Faz pouco mais de 15 dias que a operação foi ampliada para venda no varejo, e o empreendedor já notou que 60% do público total é de consumidores finais. “Num primeiro momento tínhamos pedidos com tíquete médio de R$ 1.200. Era um volume grande e direcionado para um endereço. Agora temos vários pedidos, com tíquete médio em torno de R$ 150, para vários endereços. E estamos falando de produtos super perecíveis, que exigem refrigeração e cuidado no transporte e manuseio”, diz Rosa.
Ele afirma que o comportamento pode se manter no pós-crise porque o cliente gosta da comodidade de receber os produtos perecíveis em casa.
Medidas do governo são cheque em branco
Carvalho, da FecomercioSP, afirma que o maior agravante da crise é a falta de perspectiva e que isso poderia ser uma iniciativa do poder público. “É preciso ter um plano de retomada, que estabeleça quando o negócio poderá ser reaberto, com quais normas, quais segmentos, qual capacidade das lojas, dos shoppings. Diretrizes básicas para que o comerciante tenha possibilidade de planejar a retomada.”
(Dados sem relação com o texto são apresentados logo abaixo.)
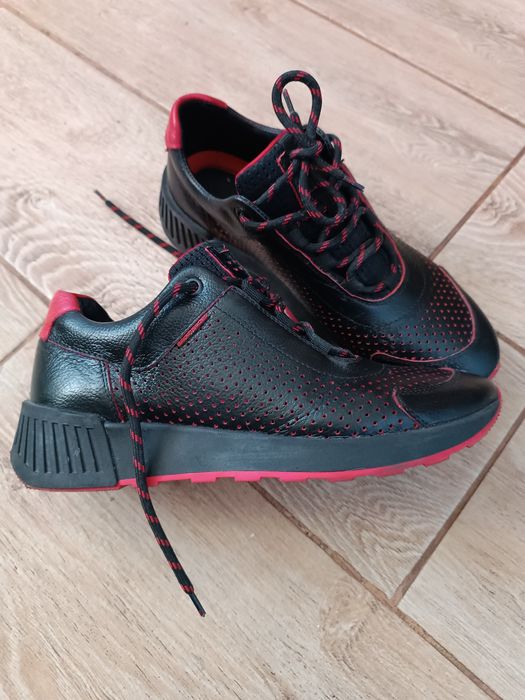 Кросівки,взуття MIDA 37 р.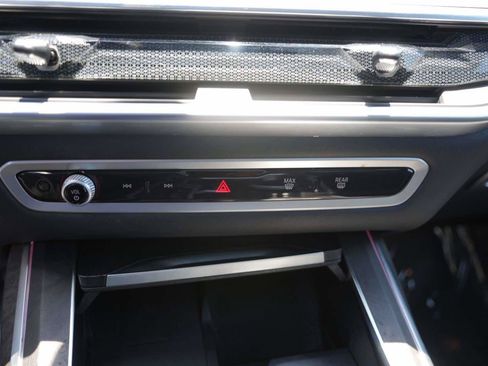 Used 2024 BMW X7 xDrive40i w/ M Sport Package AWD/4WD image 17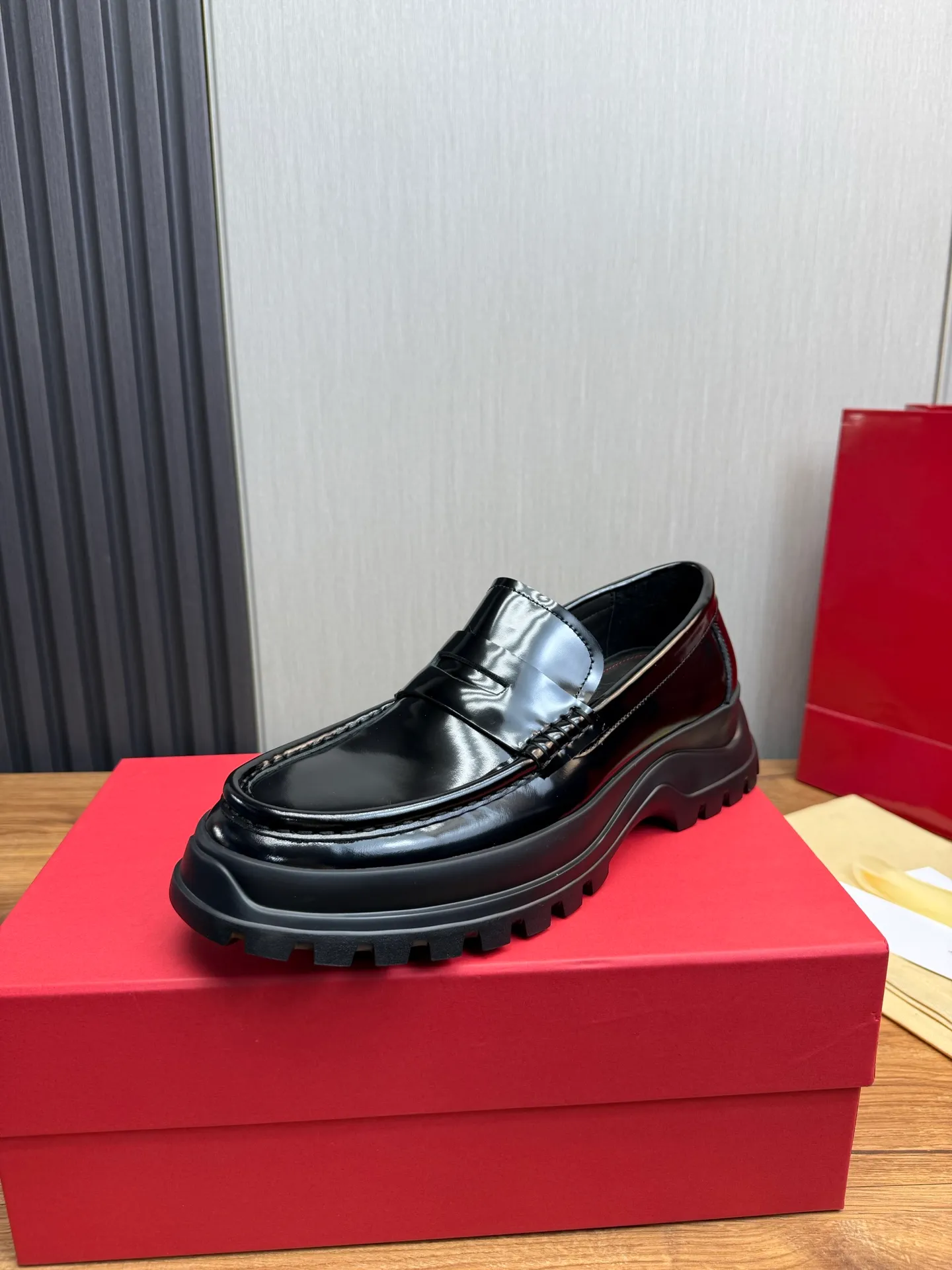Men's shoes 💰880💰 Ferragamo. [Ferragamo] Men's Loaf leather shoes, the latest hot style, 1:1 original purchase quality, top quality, imported open-edge beaded cowhide leather on the upper, hand-made three-dimensional stitching highlights the round toe design, the inner feet are made of imported cowhide, with original wear-resistant rubber outsole, matching code 39-44, (38, 45 custom-made, non-refundable)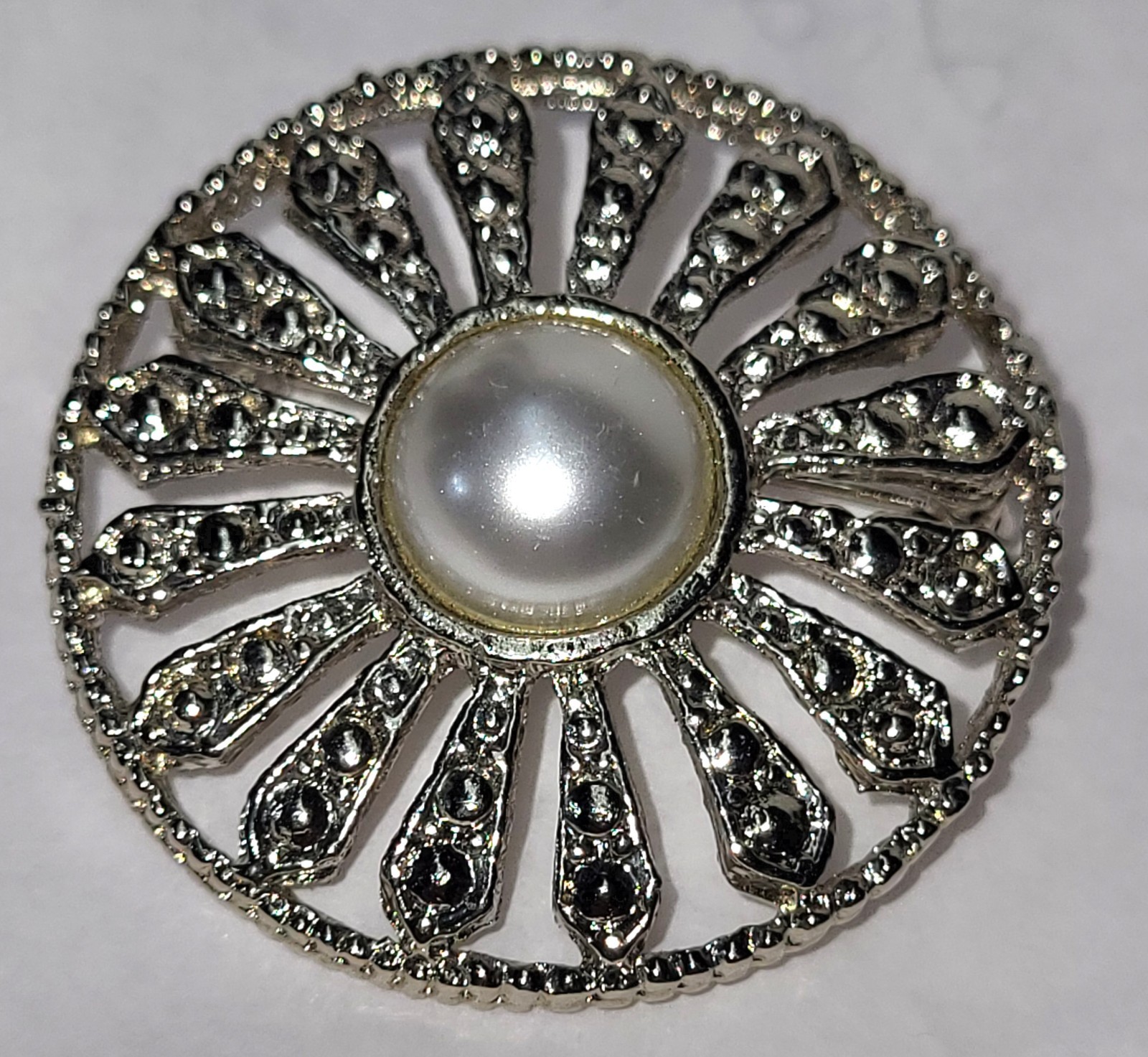 Faux Pearl Silvertone Medallion Brooch 1 1/2″ Across Pre Owned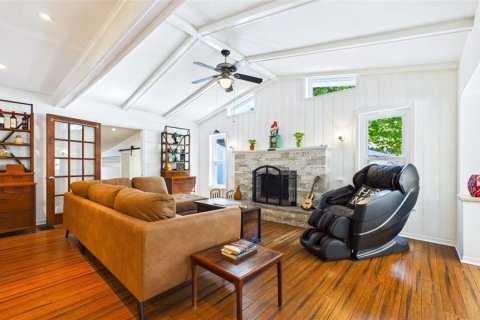 Villa ou maison à vendre à Gulfport, Floride: 3 chambres, 145.76 m2 № 2147907 - photo 3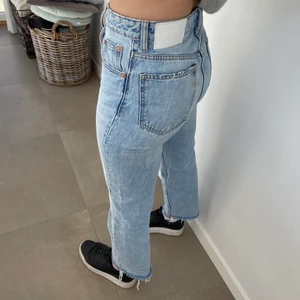 Zara jeans - Super snygga och våriga jeans från zara, jag bär storlek 36! Köpare står för frakt💗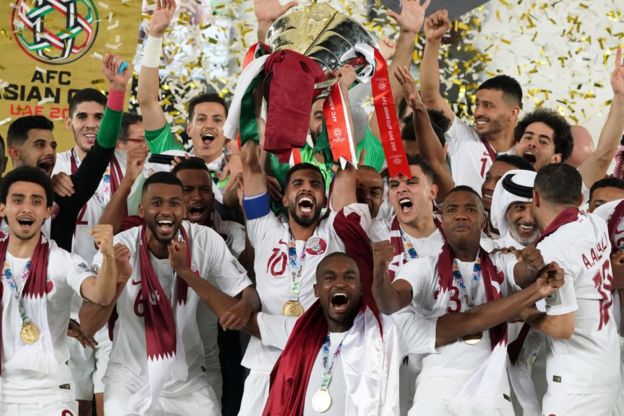 Los jugadores de Qatar celebran el título de la Copa Asiática.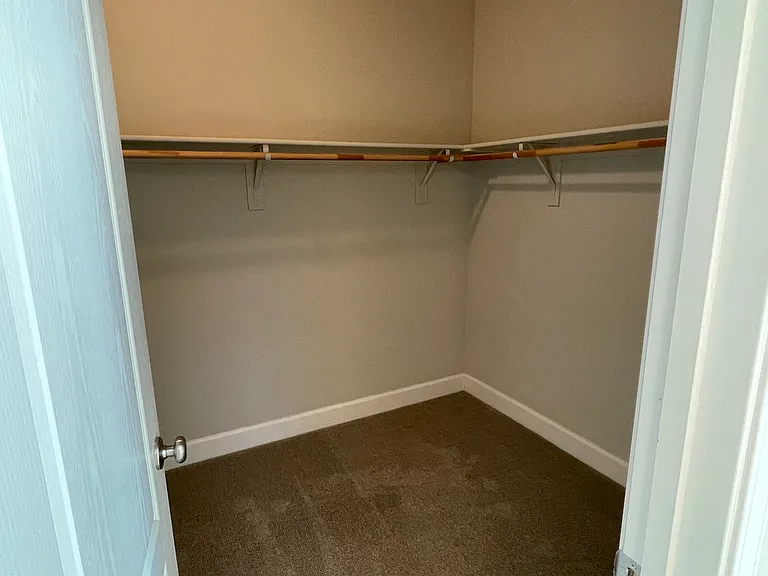 1805 Stageline Cir — Photo 27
Ele ainda diz que os planos oferecidos até agora podem ser perigosos sem esse planejamento, pois fazem com que o empreendedor se comprometa a não demitir por um determinado período, por exemplo, sem a comprovação de que poderá voltar a operar nesse meio-tempo.
“É viável assumir esse passivo? Será que eu vou conseguir sobreviver ao período em que o negócio vai ficar fechado? Ter o horizonte com um plano de retomada é fundamental, é isso que se espera do poder público. A incerteza agrava os danos financeiros e a recuperação será ainda mais dificultosa”, afirma.
De acordo com o Balanço de Vendas da Associação Comercial de São Paulo, na primeira quinzena de abril, o comércio paulistano sofreu uma queda de 65,5% em comparação ao mesmo período de março. Nem a Páscoa salvou.
Para contextualizar, a pandemia foi anunciada pela Organização Mundial da Saúde (OMS) em 11 de março e as medidas de quarentena foram aplicadas a partir do dia 16. O governo de São Paulo deve anunciar amanhã, 22, como será a reabertura do comércio, em maio.